Practically it is possible that a person, wearing the clothes, comprising two different types of dielectric, to have these clothes rubbing each other and generating a considerably high electrical potential difference, by the process similar to the one in Van de Graaf generator. Then the generated negative potential would tend to be "leaked" down to the earth, but if the shoe soils are also working as insulators, it can build up until sparking between the shoes and the nearest conductive surface, be it a moist carpet, a wooden floor or anything similar, closer to the actual earth.
The same effect may occur if a person is wearing some wool garments, say warm socks or underwear, or simply having long clean and dry hair, and is going to bed, prepared using the silk sheets or pillow-cases; the combination of these dielectrics is still capable to produce a considerable electric charge.

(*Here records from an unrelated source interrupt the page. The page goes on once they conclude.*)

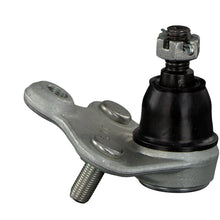 Load image into Gallery viewer, Front Left Lower Ball Joint Inc Castle Nut &amp; Cotter Pin Fits Honda CR Febi 42134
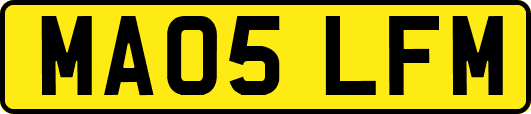 MA05LFM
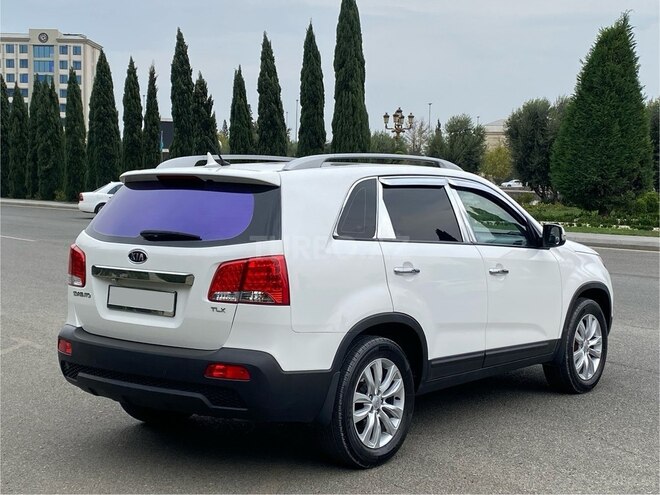 Kia Sorento 2012, 298,785 km - 2.0 l - Gəncə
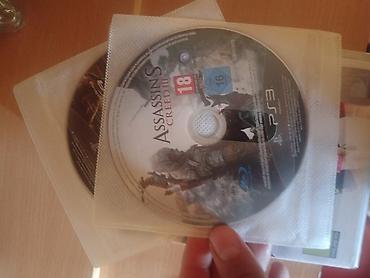 igrice za televizor: PS3 video-igre – originalni Blu-ray diskovi u kutijama 15 igrice za — 9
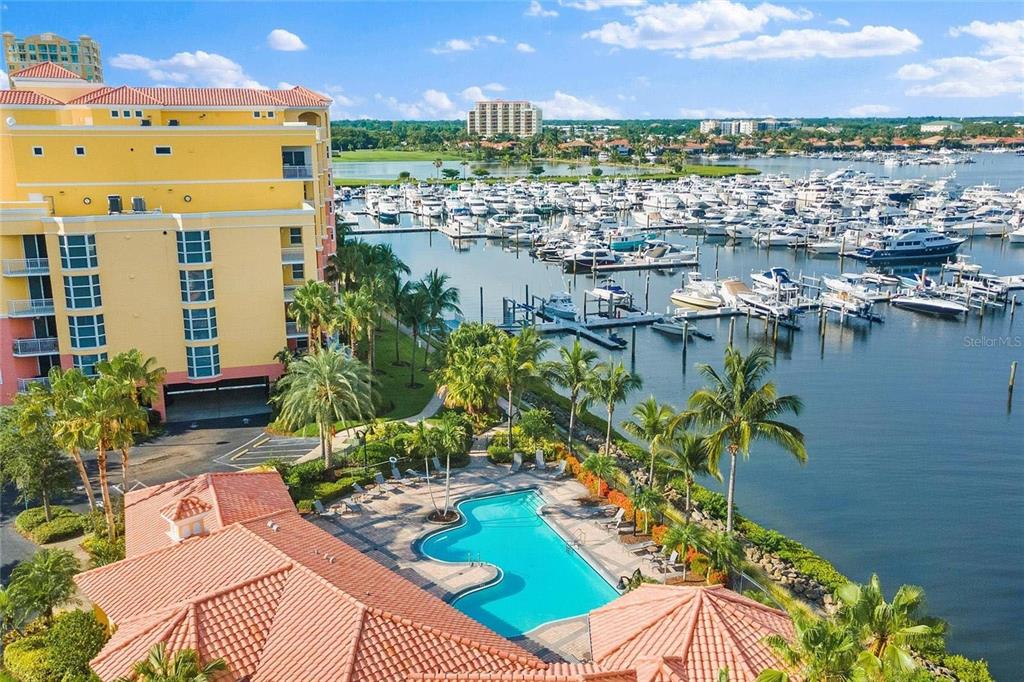 606 Riviera Dunes Way, Unit 601 Palmetto, FL 34221 - Photo 62 of 70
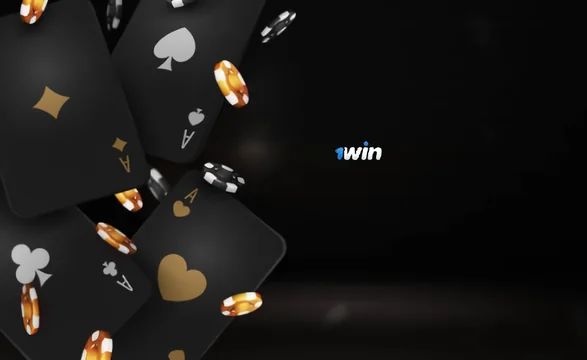 Virtual casino games demystified: win big from the comfort of home on 1win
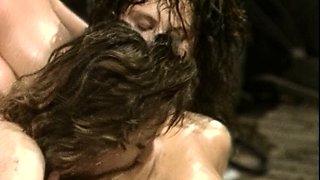 Group Sex and Hardcore Fucking Parties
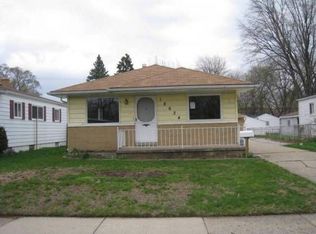 18624 Gillman St, Livonia, MI 48152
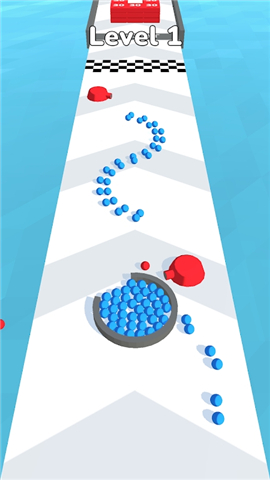 圆环选择器截图欣赏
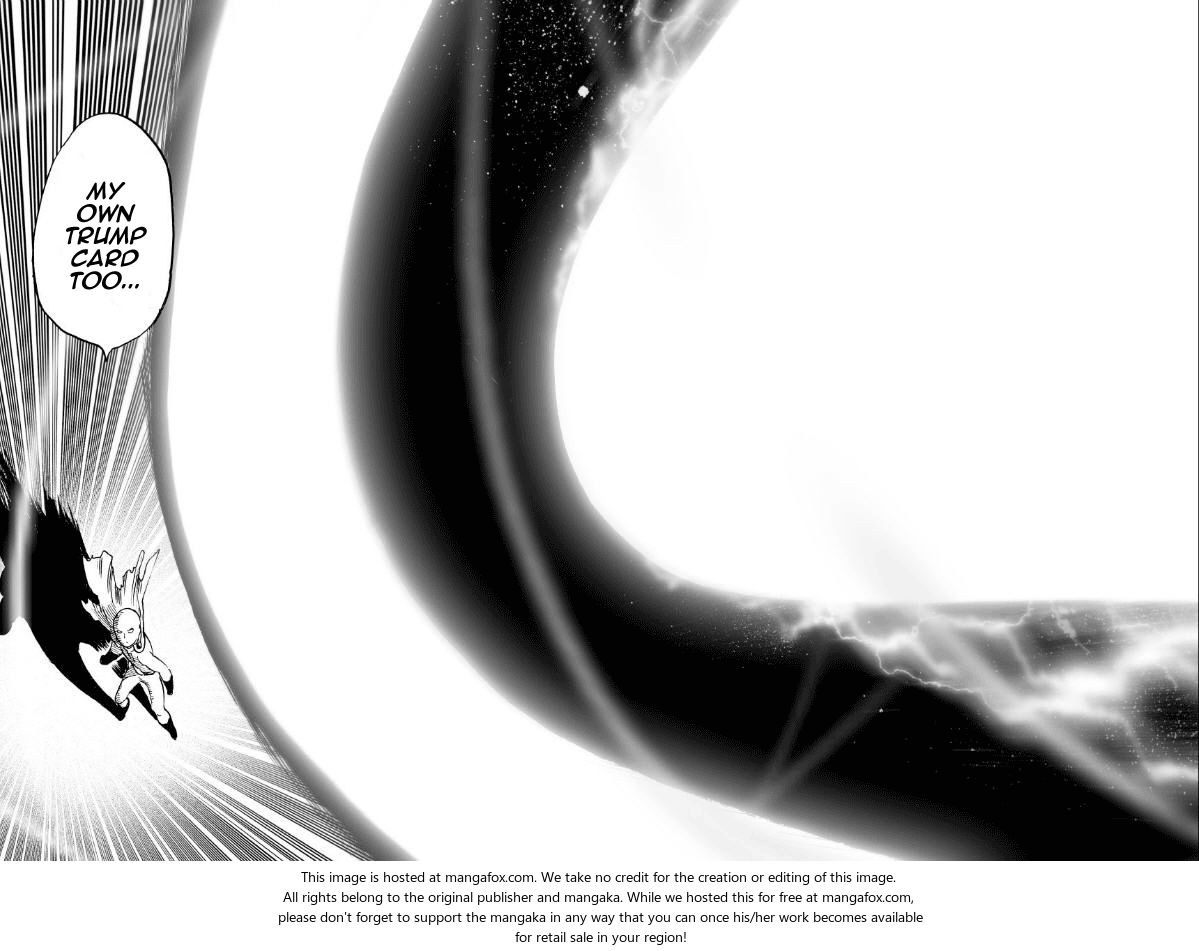 Onepunch-Man Vol.07 Chapter 035.2 page 20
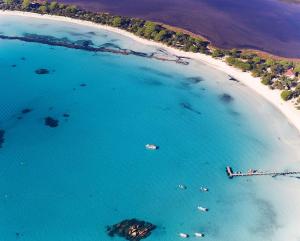 Villas Residence Les Toits de Santa Giulia : photos des chambres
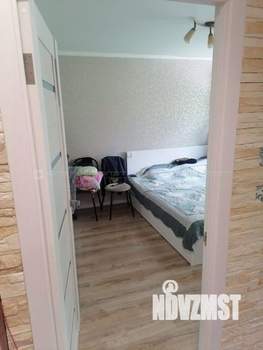 3-к квартира, вторичка, 60м2, 4/5 этаж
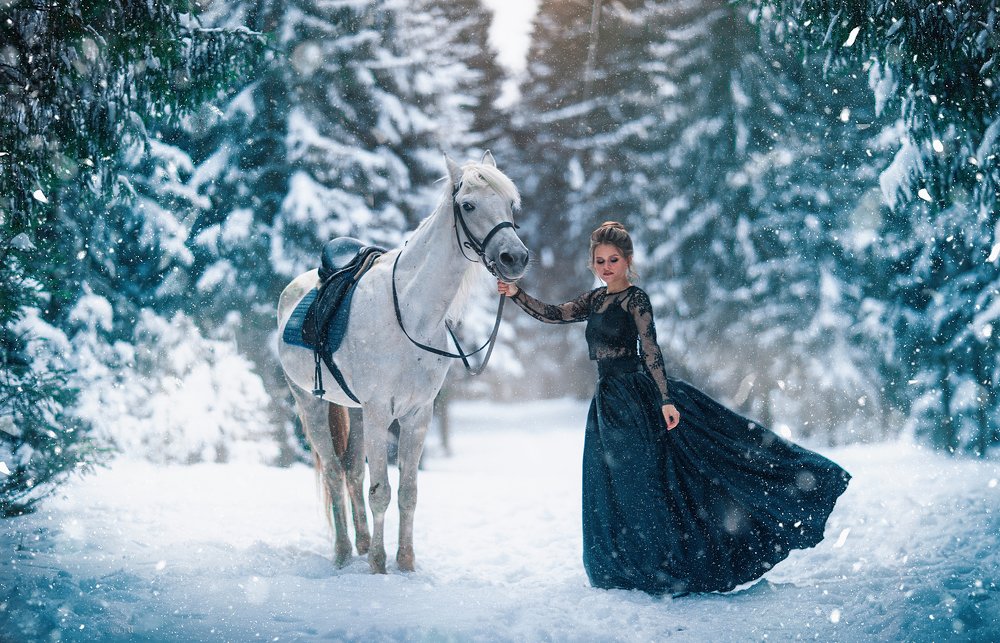 Photograph by Алина Савельева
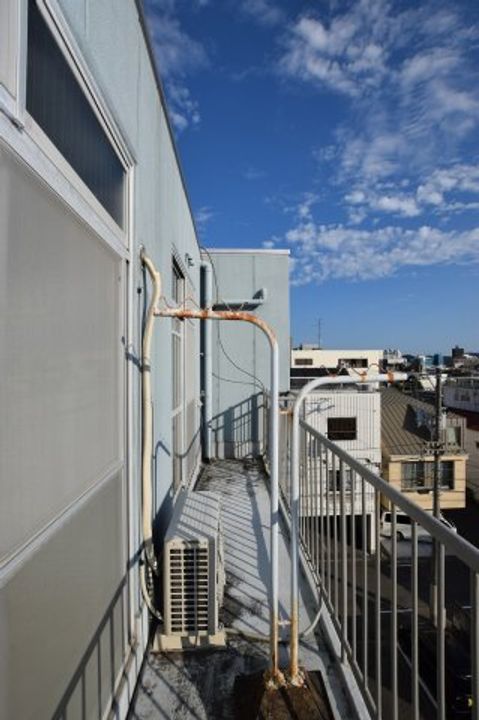 スカイハイツⅡ4Fwestのその他画像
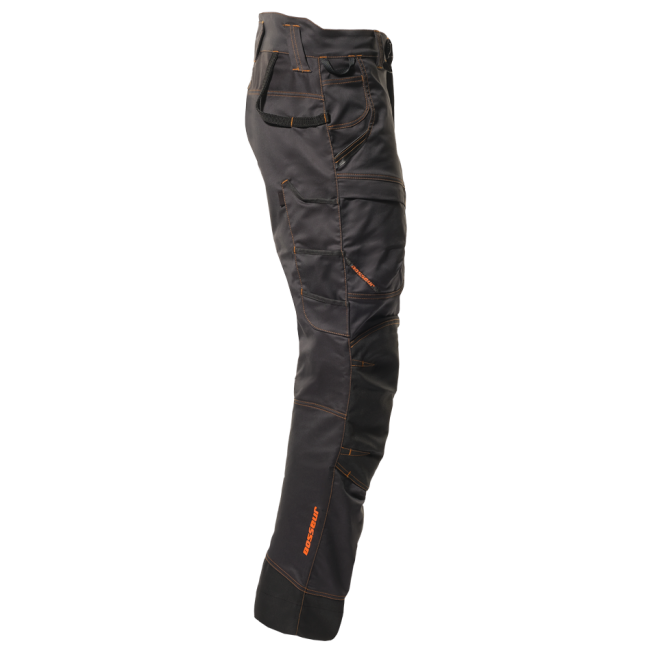 Spodnie Trident Multi Standard Stretch - Bosseur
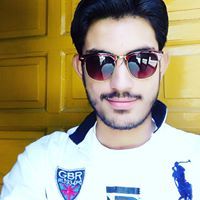 Parth Bhatt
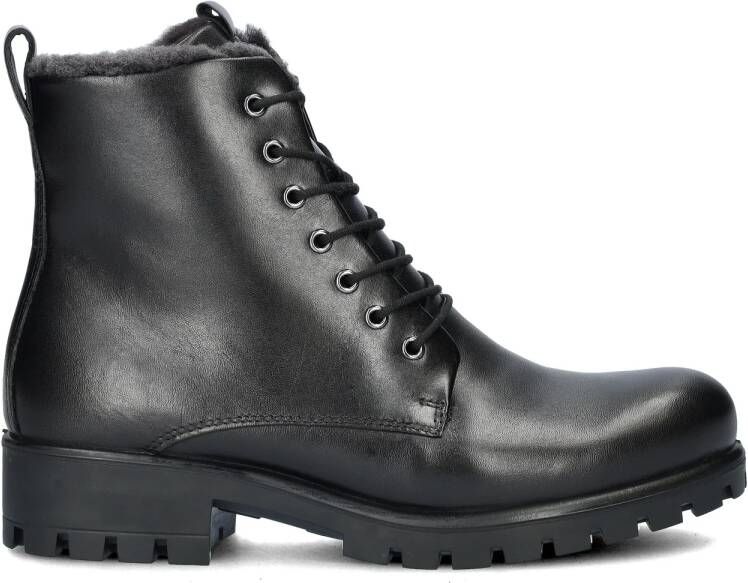 Ecco Hoge veterschoenen Modtray W met waterafstotende hydromax-uitvoering - Foto 3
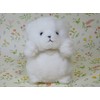 Bamboo Shoot 58440 Bubble Puchi Land Forest Nakama Bear White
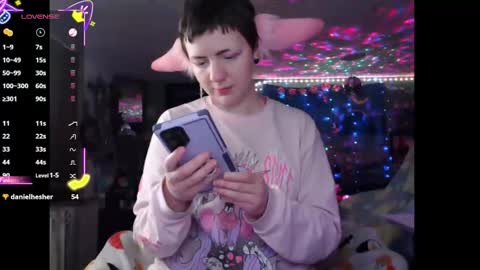 NerdySquirty online show from January 16, 6:55 am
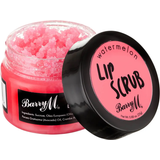 Smoothing Lip Scrubs Barry M Lip Scrub LS5 Watermelon 25g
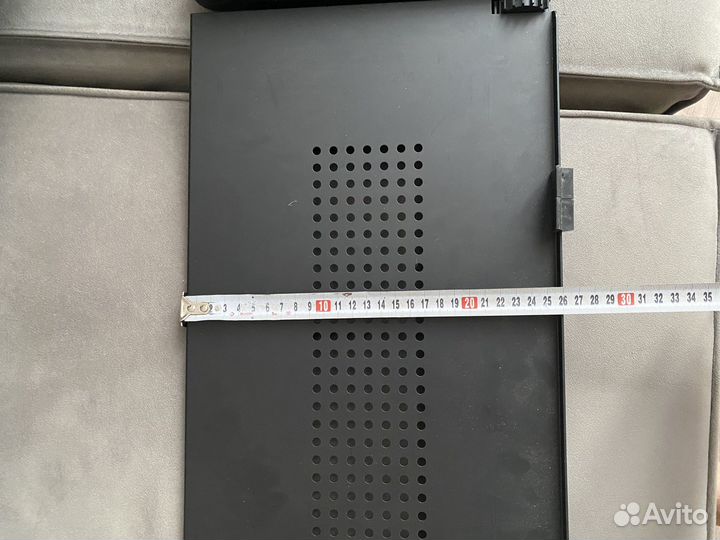 Складной столик для ноутбука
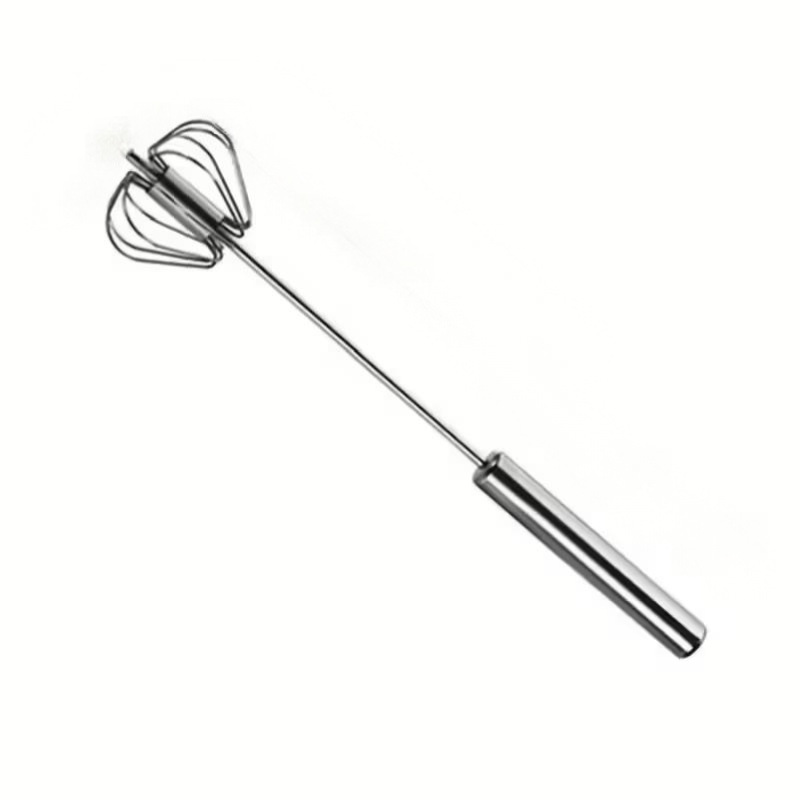 14 -inch half -automatic eggbeater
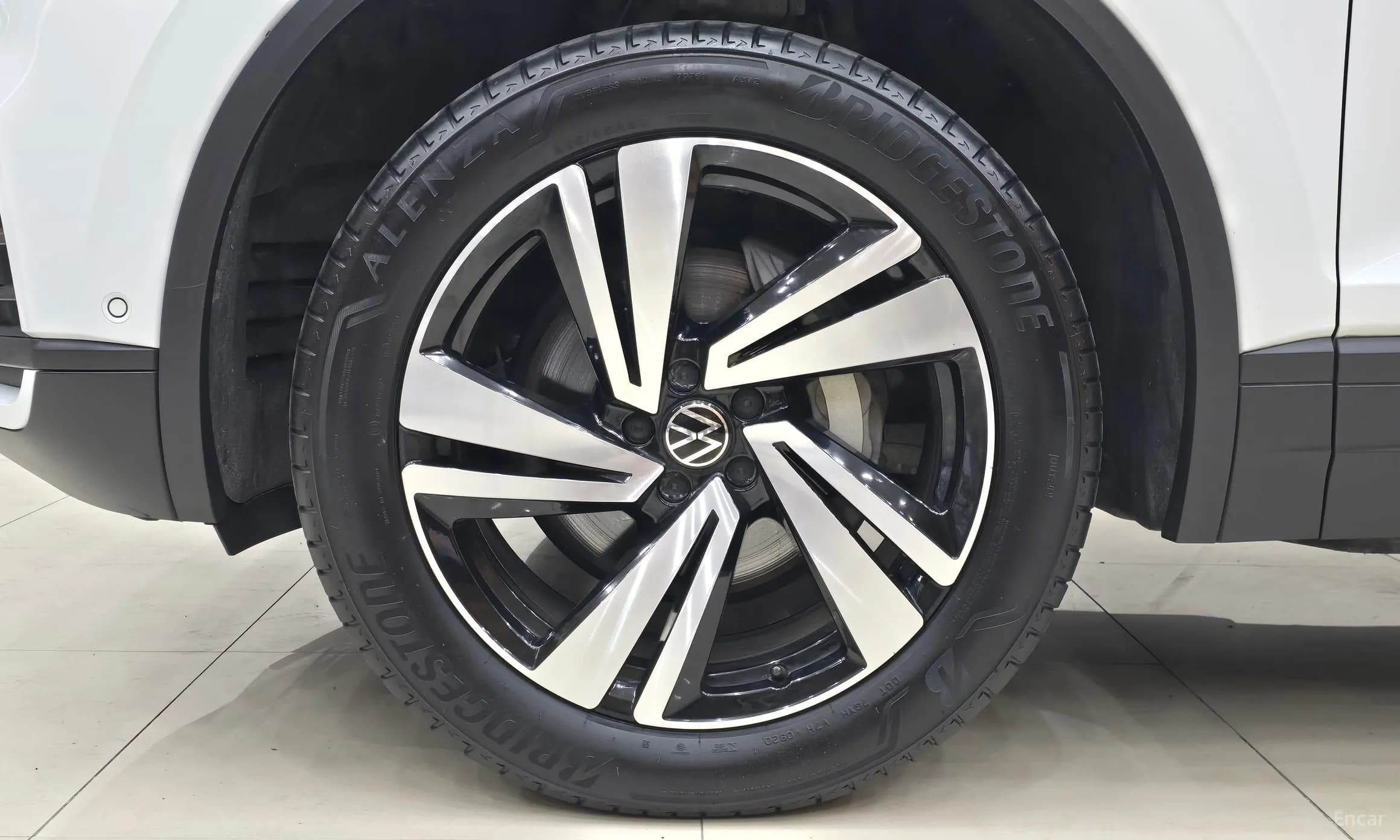 Touareg 3rd Generation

It would be not in excess to mention that many cases of "spontaneous human combustion" in Victorian times were reported when the victims were asleep, in their beds.
The note above in the BBC article about the often presence of a fireplace or a chimney in the room of the accident suggests that the continuous air flow, facilitated by the chimney of any fireplace, may provide enough external Oxygen to maintain the combustion if such happens due to the other reasons, but hardly explains the combustion phenomena itself. In all cases the actually burned areas are supposed to be closer to the actual body, which becomes a carrier of the increased electric charge, and the other areas may remain unaffected as there is not enough Oxygen in the room volume to involve them as well.
From all above I can make a conclusion that a spontaneous combustion of people is a fully natural phenomenon, originating from the coincidence of the unfortunate circumstances, such as the victim's clothes materials, dryness of the victim's skin, low moisture content in the air and the availability of oxygen flow. In the Australian case there was no chimney or intensive ventilation to deliver the excess of oxidant, so the victim has survived.